Alberta once again led the provinces in population growth, accelerating three times faster than the national average, according to new demographic data released by Statistics Canada.

Alberta's population reached an estimated 3,474,000 as of July 1, 2007 with an influx of immigrants from other provinces accounting for half of the increase.

The growth represents more than triple the national growth rate and is the largest increase since 1981-1982.

Migrating Canadians accounted for an increase of 51,000 people in the province, boosting the population rate to an all-time high.

However, the preliminary demographic data suggests interprovincial migration is beginning to cool off.

Quebec saw a spike in its immigration numbers with 45,100 new Canadians settling in the province, the highest number since 1992-1993.

Despite the influx of immigrants and a soaring birthrate, the province's population grew at a pace similar to previous years.

Ontario's population growth slowed to 1980-1981 levels, representing a 0.8 per cent increase due to slowing immigration rates and interprovincial migration.

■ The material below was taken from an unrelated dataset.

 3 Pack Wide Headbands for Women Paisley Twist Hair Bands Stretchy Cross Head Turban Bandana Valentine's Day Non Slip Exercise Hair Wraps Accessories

However, the province still attracted 48.5 per cent of all immigrants to Canada in 2006-2007.

Newfoundland and Labrador, Nova Scotia and Yukon showed declines in population between July 1, 2006 and June 30, 2007. After two years of losses, Saskatchewan rebounded with a demographic increase.

Prince Edward Island and New Brunswick populations increased, mainly the result of fewer losses in interprovincial migration and higher numbers of immigrants.

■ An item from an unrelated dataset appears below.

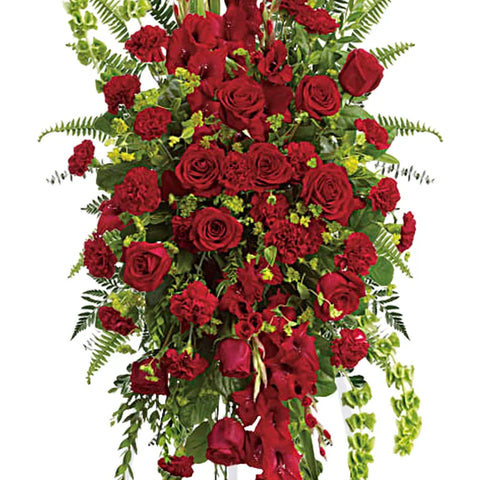 All Red Standing Spray, hand-arranged by Florent Floral for same-day sympathy flower delivery in Newmarket Ontario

High birthrate fuels national growth

Canada's national population is teetering on the 33-million mark due to an overall increase of 1 per cent.

National population statistics for 2006-2007 include:

  • 352,800 babies born in Canada
  • 238,100 new immigrants received
  • 439,100 non-permanent residents

Net international migration and births continue to be the two main engines that fuel the national population, accounting for about two-thirds of the demographic increase.

But national immigration was down by 16,300 fewer people than the previous year.

While countries like Russia and the U.S. face all-time birthrate lows, Canada's birthrate rose to its highest level in a decade with births especially strong in Quebec, British Columbia and Alberta.